Telespazio UK is the prime contractor to ESA for the project and will be working with strong and expert sub-contractors, Cranfield University and Spirent Communications.
Global Navigation Satellite Systems (GNSS) have become the primary means of navigation and source of Position, Navigation and Timing (PNT) information for almost all modes of transport, general navigation and for timing purposes.
Yet, all GNSS are vulnerable to natural interference, deliberate and accidental jamming and spoofing. Moreover, because of the geometry of GNSS flying in Medium Earth Orbit and the number of satellites in the constellation, there are other issues.
Where users are operating in so-called “urban canyons”, or within dense vegetation, or in deep valleys for instance, they can have a limited view of the satellites and hence have trouble calculating a position.
Clearly, this is unacceptable when operating a safety critical service, such as operating Autonomous Vehicles in public areas or when other safety parameters are paramount.
To tackle these challenging problems, the VTL4AV project will utilise the strong alliance and experience of our consortium to design and develop a Receiver implementing “Vector Tracking Loops” (VTL) techniques. It will also create a fault detection and isolation strategy to ensure integrity in urban environments, whilst supporting multiple GNSS constellations.
The benefits of this architecture will be demonstrated in both simulated environments and in a real environment such as the City of London where urban canyons, signal masking, interference and multipath can be expected.

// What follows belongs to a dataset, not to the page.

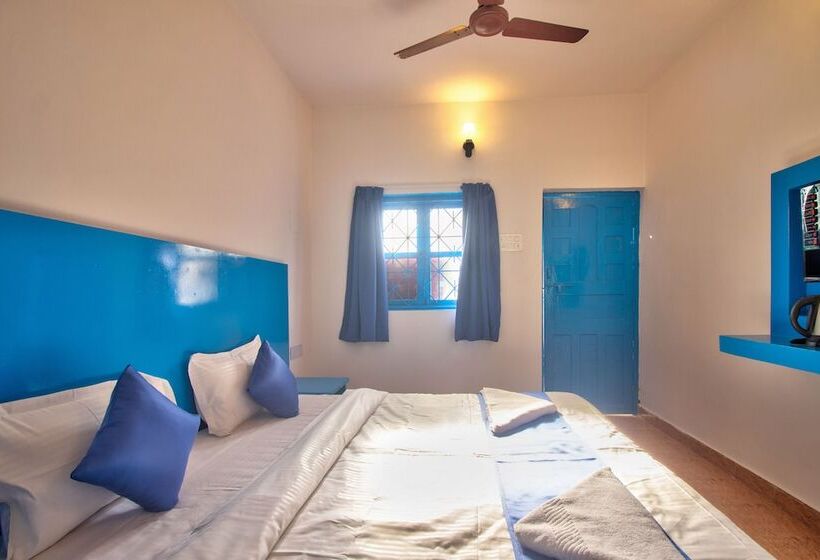 فندق Mandrem Retreat Beach Resort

“This is a great opportunity for us to be part of this important ESA project which will build on the work that has already been done within the Alternative-PNT arena, especially with new GNSS receiver concepts. We are pleased to be leading such a strong team and look forward to developing a proof of concept that will help provide position resiliency in vehicle autonomy, potentially making a difference to our daily lives in the future”.